The Coalition supports common sense federal legislation to reduce emissions of carbon dioxide (CO2) and other greenhouse gases. Such legislation would bring certainty to energy producers, job providers and business and residential customers. The Coalition is working with Michigan policymakers and the members of Michigan’s congressional delegation to protect the state’s families and businesses from a federal regulatory scheme that would impose high – and unnecessary costs – on the state’s electric customers. We believe federal climate change legislation should:
- Create a cap-and-trade system to reduce emissions over time.
- Provide affected industries with all or most of their required emissions allowances in a cost-free allocation in the first decade of the program while they make the transition to low- and no-carbon technologies.
- Establish reduction targets and deadlines that allow for the cost-effective development and deployment of new technologies to reduce greenhouse gas emissions.
- Provide full credit for actions that offset carbon emissions and full credit for emission reductions already achieved. Activities that offset carbon emissions include large-scale tree-planting initiatives and methane recovery from landfills.

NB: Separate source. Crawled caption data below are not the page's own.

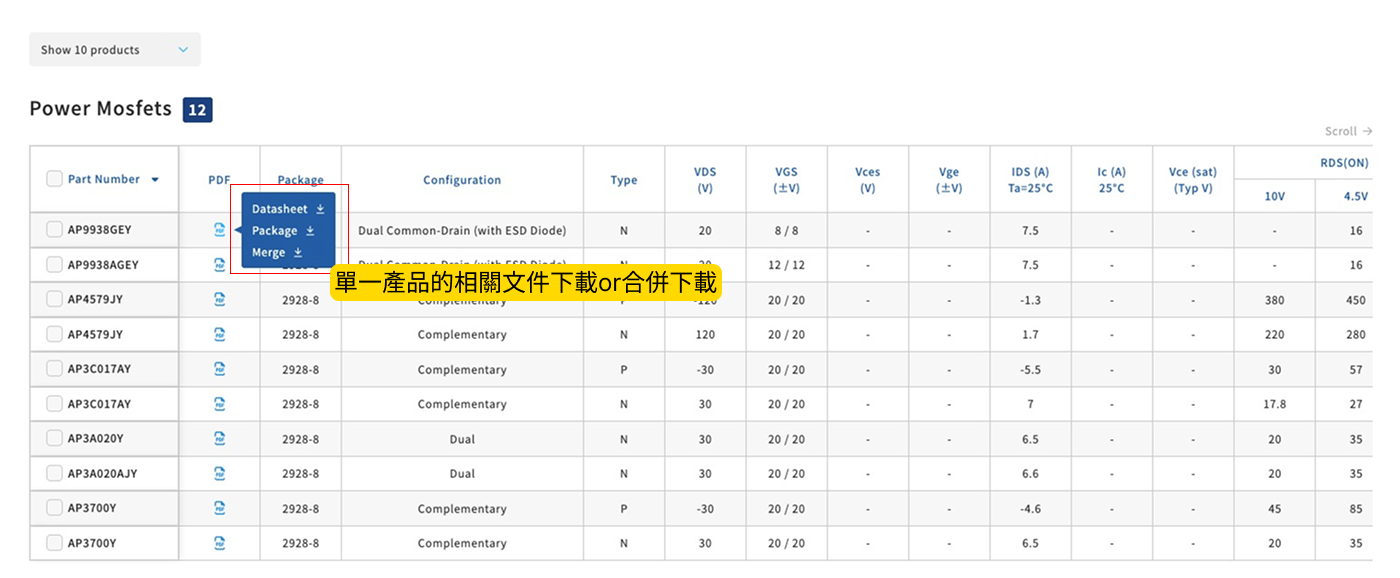 像圖中的產品資料，就可以針對同一個型號分別下載或合併下載
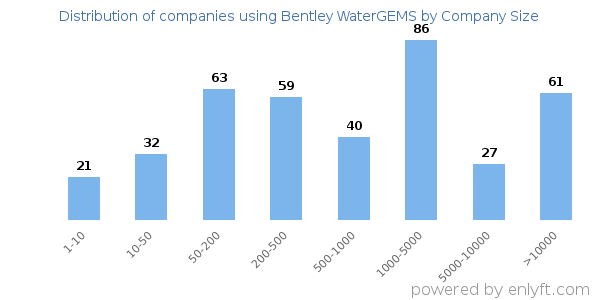 Companies using Bentley WaterGEMS, by size (number of employees)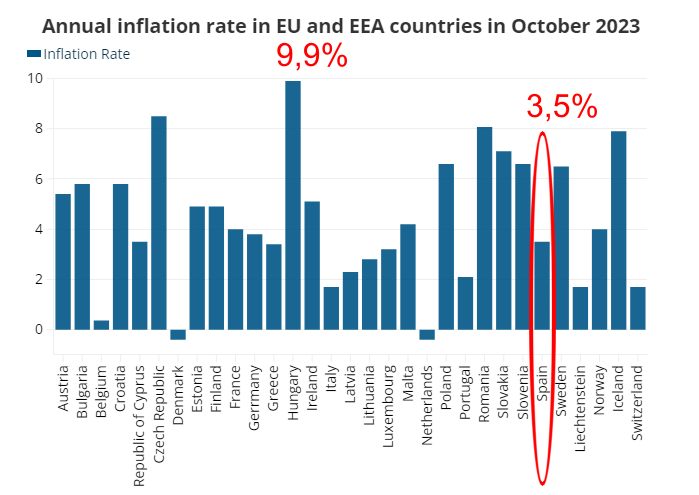 Налоговое бремя в Испании (47%): график по всем странам ЕС (10%-55%)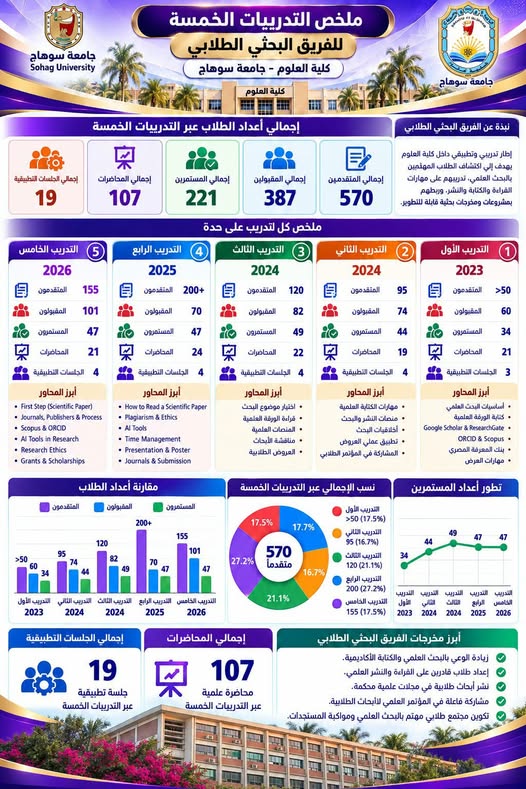 كلية العلوم بجامعة سوهاج تستعرض حصاد التدريبات الخمسة للفريق البحثي الطلابي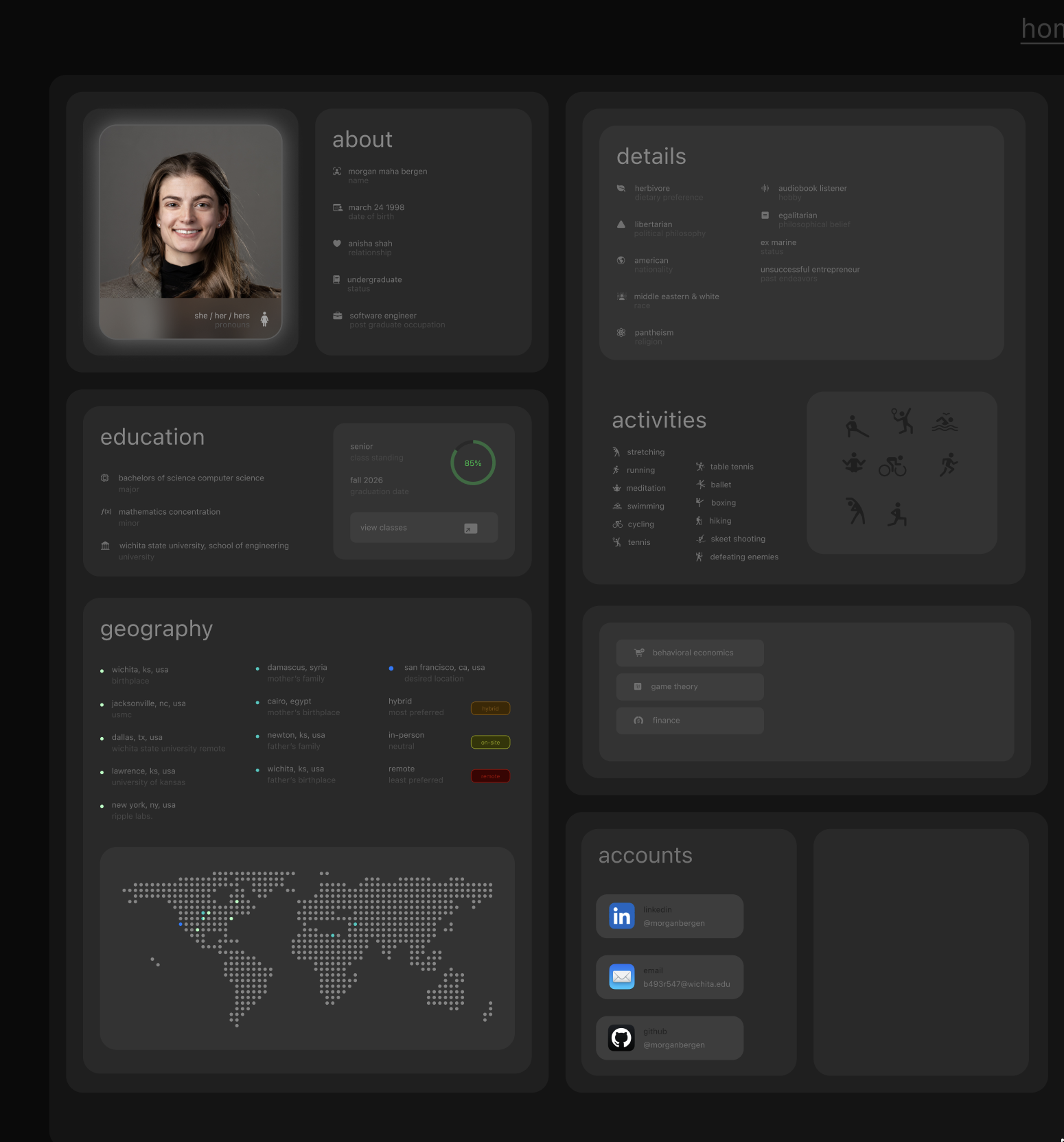 UI Dark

Cap and Trade: An Overview
Cap-and-trade is a proven strategy to reduce emissions. The cap is a maximum emission level for an industry. That cap is set and then lowered over time for each company within an industry. The quantity of emissions allowed is the amount below the cap. These are allowances.
Companies that can reduce emissions to a point that’s less than their cap have excess emission allowances. These allowances may be sold to another company--one that hasn’t made as much progress in reducing emissions and is still exceeding its cap, or a company for which the cost of reduction action may be prohibitively expensive. That’s the trade. Either way, emissions are reduced while the overall cost of meeting the requirements also is reduced.

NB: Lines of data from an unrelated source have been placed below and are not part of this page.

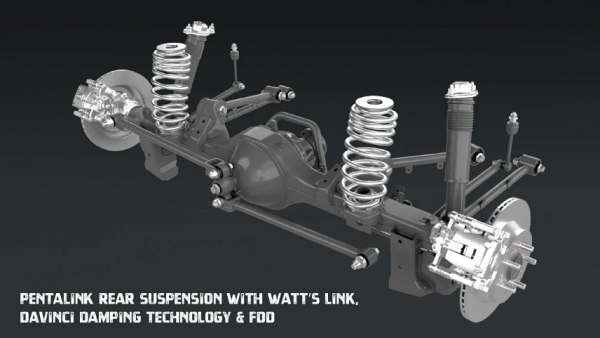 Mahindra Thar OG Penta Link Suspension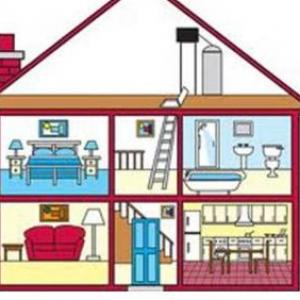 Imagen de portada del videojuego educativo: The parts of the house. Memory game., de la temática Idiomas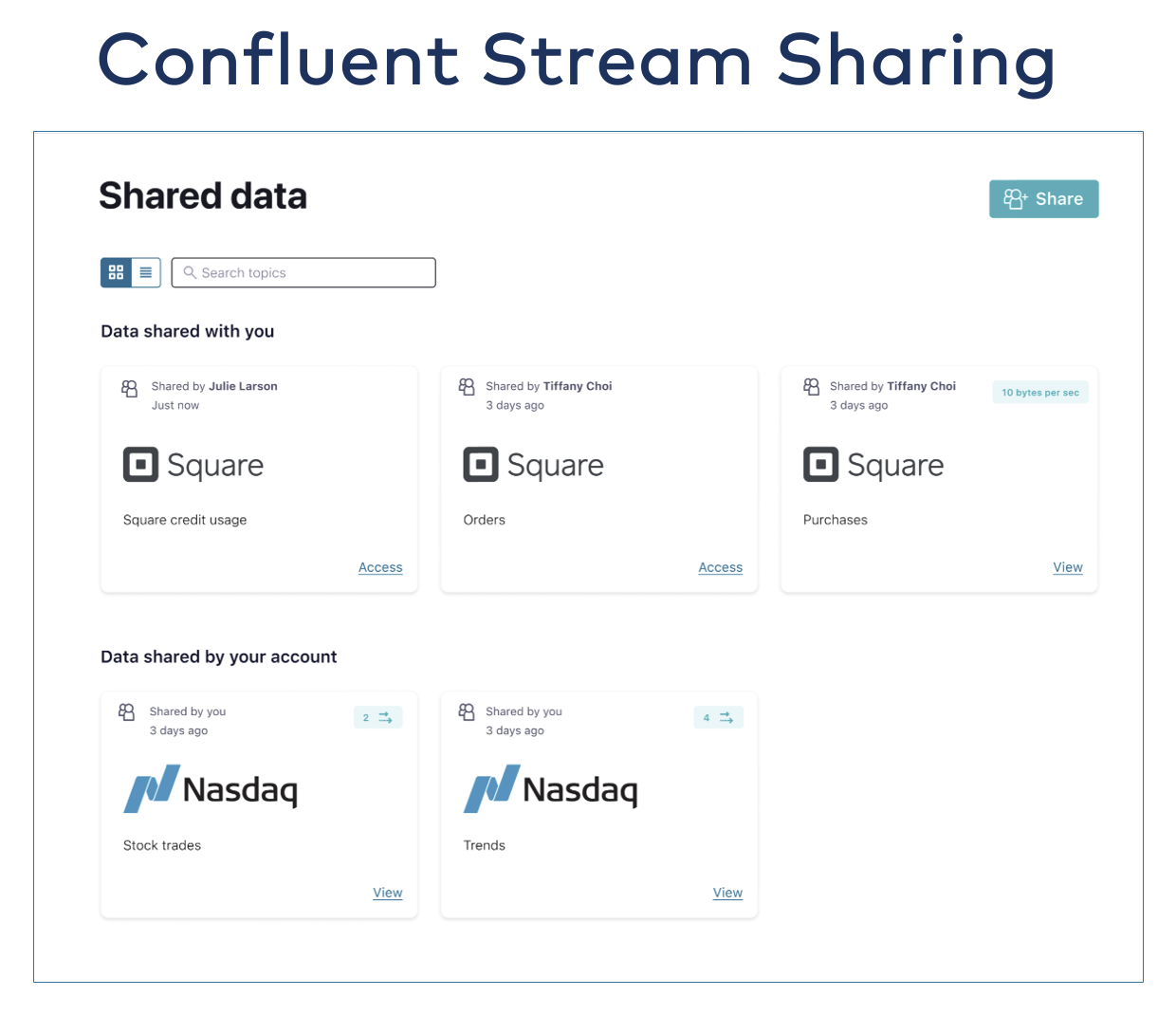confluent stream sharing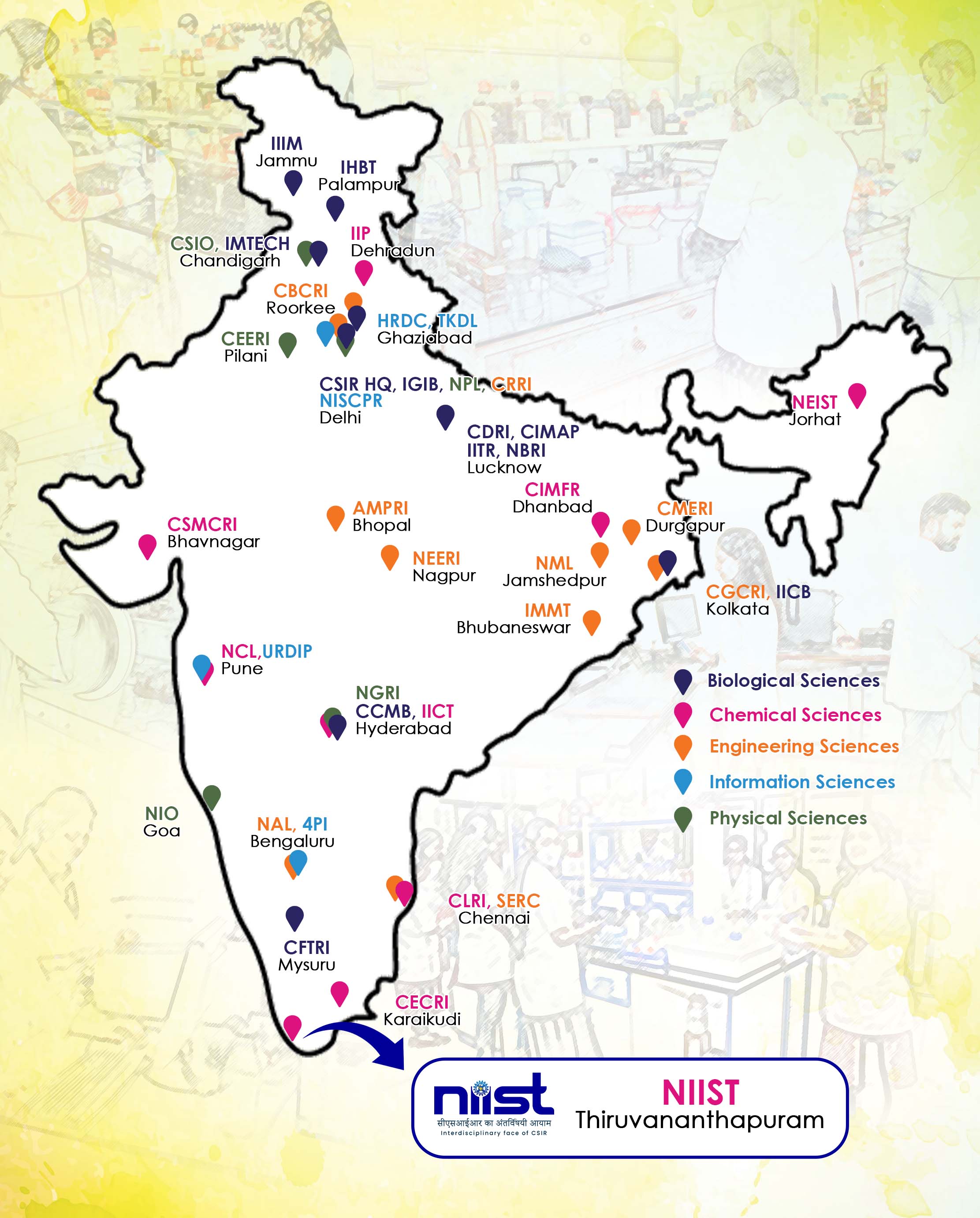 CSIR Map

Under the wrong kind of cap-and-trade mechanism, industrial states, such as Michigan, that currently generate most of their electricity with coal will be penalized and have to pay large amounts for the allowances they need. That means customers in Michigan and other industrial states will end up paying sharply higher electric bills. States on the East and West coasts rely far less on coal, meaning a much lighter financial impact on their customers. The bottom line is customers in Michigan, and other Midwest states, could end up paying far more for their power and all the dollars from that hidden “energy tax” would go to Washington. The sad part is this high hidden energy tax wouldn’t produce any noticeable environmental benefit.
Say "No" to an auction for allowances
Some policymakers favor an approach that would require utilities and other companies that emit carbon dioxide to buy all of their required allowances from a government pool in an auction. This would force businesses that produce energy or use large amounts of fossil fuels to spend billions of dollars on the allowances they need just to stay in business and serve their customers. This approach wouldn’t help the environment. It would just send billions of dollars to Washington each year. Business and customers would be pay for the allowances, then incur additional costs to buy and install the technologies to reduce their emissions.

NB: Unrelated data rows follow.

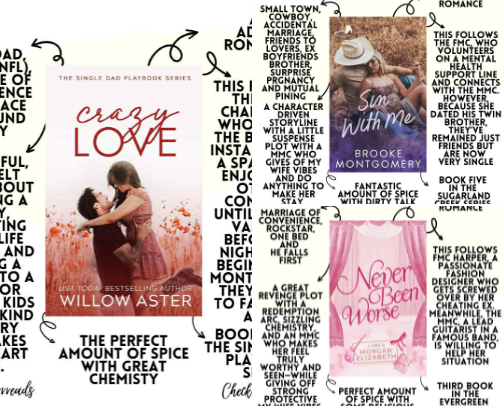 Marriage Trope Adult Romance Book Recommendations 📚 cover photo collage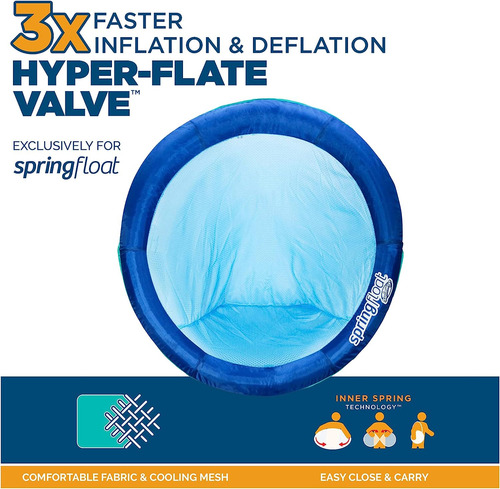 Swimways Spring Float Float Poolangadora De Piscina Papasan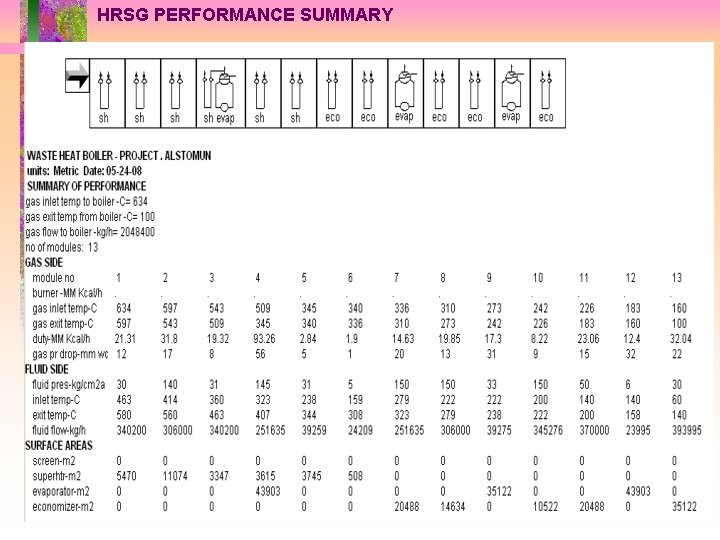 HRSG PERFORMANCE SUMMARY 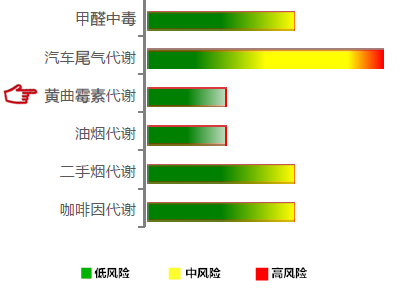 【佳学基因检测】黄曲霉素代谢基因解码、基因检测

These illustrations explain the drastic financial implications of such an auction and the reduced impact of an allocation structure on Michigan residents.
Support a cost-free distribution of allowances
To avoid an additional increase in electricity rates for residential, commercial and industrial customers, Congress should support a policy that provides electricity generators and other GHG emitters with allowances without cost for a sufficient period of time to enable them to equip their facilities with proven emission-reduction technologies.
Utility customers would benefit from that public policy approach because the allocation of emissions allowances would help hold down electric prices.